The number of mixed-use or “integrated” developments is thankfully increasing. And the role of hotels within them is changing too.
Drive-in/drive-out, stand-alone hotels are on the way out. In their place: curated, “layered” environments where the hotel brand is woven into a broader mix that includes retail, entertainment, health/wellness and offices (including co-working).
Hotels in this context can be twinned with branded residences – allowing long-, as well as short-term, stays.
Hotel-driven integrated developments deliver convenience as well as comprehensive lifestyle choices. Examples include District 8 in Jakarta, Bluewaters Island in Dubai and Soi Langsuan in Bangkok.
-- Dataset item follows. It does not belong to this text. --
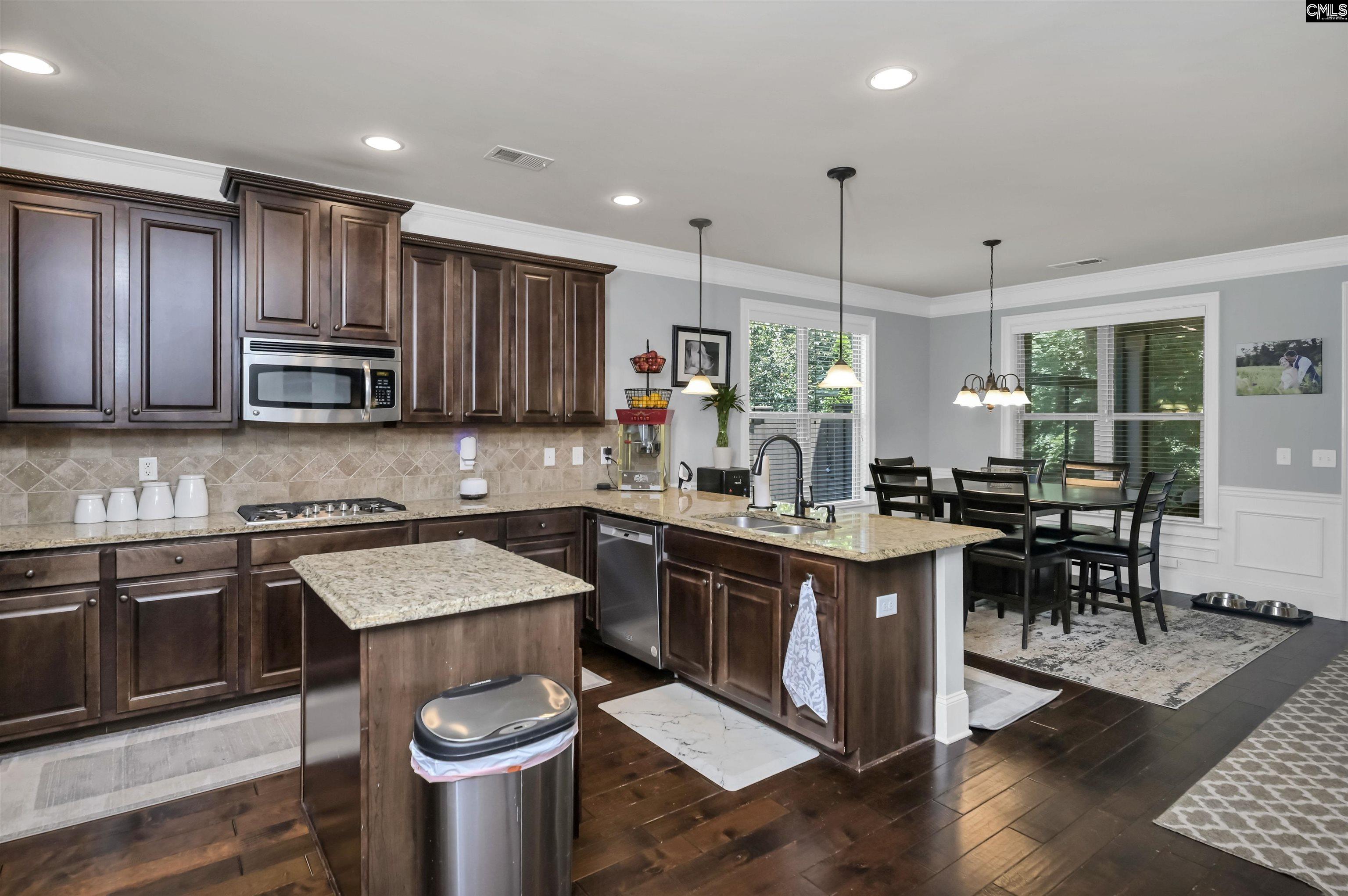 122 White Oleander Drive Lexington, SC 29072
Boutique hotels, or brands which are slightly more off-beat, are well suited to these experiential, self-contained ecosystems – such as 25 Hours Hotels’ The Oddbird in Jakarta, and The Banyan Tree/Delano pairing in Dubai.
From an investment perspective, mixed-use developments create diversified revenue streams. While stand-alone hotels are subject to seasonality and economic cycles, integrating them with offices and F&B-led retail increases their resilience and the profitability of all components.
The developer appeal of hotel-driven mixed-use real estate therefore lies in a more diversified customer base with longer visits, shared infrastructure and operating costs, and – usually – a higher yield per square foot.
The end-user appeal is in the development’s increased sense of purpose, connectedness, recognition of the “local”, and overall “destination” offering.